Take every line containing "Ring" from the material and copy it.
===== LISTED RECORDS
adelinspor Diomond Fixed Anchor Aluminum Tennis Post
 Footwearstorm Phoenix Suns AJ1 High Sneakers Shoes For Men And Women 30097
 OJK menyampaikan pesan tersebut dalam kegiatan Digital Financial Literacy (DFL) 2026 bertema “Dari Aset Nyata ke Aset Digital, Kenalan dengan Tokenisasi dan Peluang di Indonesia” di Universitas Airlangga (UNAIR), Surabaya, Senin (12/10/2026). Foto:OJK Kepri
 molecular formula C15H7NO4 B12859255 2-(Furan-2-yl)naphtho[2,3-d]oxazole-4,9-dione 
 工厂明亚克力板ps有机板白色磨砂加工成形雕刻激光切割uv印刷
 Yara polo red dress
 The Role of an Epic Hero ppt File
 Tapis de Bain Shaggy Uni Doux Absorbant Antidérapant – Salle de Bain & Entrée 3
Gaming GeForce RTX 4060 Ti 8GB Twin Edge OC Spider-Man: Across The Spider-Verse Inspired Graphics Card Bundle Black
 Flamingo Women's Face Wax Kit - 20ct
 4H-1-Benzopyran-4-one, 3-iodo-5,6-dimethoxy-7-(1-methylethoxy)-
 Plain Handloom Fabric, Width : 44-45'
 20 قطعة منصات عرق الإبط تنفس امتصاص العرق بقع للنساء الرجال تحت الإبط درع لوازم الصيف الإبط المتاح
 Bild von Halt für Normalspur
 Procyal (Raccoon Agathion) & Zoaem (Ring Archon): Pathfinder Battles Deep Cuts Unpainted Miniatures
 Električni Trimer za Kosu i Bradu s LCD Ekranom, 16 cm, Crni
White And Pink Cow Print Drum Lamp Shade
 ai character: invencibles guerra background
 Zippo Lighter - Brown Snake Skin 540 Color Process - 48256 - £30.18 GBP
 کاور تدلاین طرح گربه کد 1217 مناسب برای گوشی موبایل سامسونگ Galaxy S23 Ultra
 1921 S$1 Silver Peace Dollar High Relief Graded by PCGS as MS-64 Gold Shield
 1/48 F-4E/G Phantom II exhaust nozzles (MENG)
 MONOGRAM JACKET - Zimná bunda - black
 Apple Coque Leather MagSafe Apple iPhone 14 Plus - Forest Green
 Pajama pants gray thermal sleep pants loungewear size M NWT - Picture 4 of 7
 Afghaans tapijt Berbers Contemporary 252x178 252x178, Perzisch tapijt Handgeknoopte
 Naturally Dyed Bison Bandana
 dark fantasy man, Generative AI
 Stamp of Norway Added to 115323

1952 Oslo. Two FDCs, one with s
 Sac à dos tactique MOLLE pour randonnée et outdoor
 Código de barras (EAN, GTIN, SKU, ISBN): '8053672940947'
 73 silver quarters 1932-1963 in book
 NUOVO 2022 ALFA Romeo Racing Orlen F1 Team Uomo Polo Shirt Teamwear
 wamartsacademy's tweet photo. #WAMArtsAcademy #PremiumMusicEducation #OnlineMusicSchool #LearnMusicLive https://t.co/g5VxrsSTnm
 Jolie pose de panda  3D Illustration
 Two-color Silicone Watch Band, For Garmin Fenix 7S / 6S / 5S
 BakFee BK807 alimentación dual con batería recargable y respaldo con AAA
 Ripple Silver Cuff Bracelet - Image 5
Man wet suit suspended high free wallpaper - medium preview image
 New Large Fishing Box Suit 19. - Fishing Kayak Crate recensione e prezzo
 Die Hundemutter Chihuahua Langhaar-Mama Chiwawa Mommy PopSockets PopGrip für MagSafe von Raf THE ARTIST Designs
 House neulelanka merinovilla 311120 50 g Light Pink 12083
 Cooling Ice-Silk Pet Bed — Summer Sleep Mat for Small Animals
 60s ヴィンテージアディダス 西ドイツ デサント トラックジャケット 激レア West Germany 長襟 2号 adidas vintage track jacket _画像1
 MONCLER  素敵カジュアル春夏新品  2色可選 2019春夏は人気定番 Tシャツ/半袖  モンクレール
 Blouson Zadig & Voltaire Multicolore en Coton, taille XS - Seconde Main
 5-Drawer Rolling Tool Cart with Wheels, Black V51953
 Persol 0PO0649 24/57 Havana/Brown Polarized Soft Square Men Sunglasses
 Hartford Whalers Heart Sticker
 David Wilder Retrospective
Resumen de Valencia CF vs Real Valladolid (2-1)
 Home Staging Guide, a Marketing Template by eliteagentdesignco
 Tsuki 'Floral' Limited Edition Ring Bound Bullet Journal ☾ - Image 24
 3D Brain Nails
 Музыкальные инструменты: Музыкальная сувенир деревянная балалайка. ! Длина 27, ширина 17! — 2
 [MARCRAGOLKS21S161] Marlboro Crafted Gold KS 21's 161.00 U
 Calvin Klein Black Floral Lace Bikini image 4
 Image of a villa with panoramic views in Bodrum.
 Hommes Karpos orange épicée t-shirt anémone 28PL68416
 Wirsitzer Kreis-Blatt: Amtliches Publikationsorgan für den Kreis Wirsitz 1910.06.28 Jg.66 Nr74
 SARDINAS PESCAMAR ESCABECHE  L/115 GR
==========
▸ ANSWER TO THE EXERCISE
 Procyal (Raccoon Agathion) & Zoaem (Ring Archon): Pathfinder Battles Deep Cuts Unpainted Miniatures
 Tsuki 'Floral' Limited Edition Ring Bound Bullet Journal ☾ - Image 24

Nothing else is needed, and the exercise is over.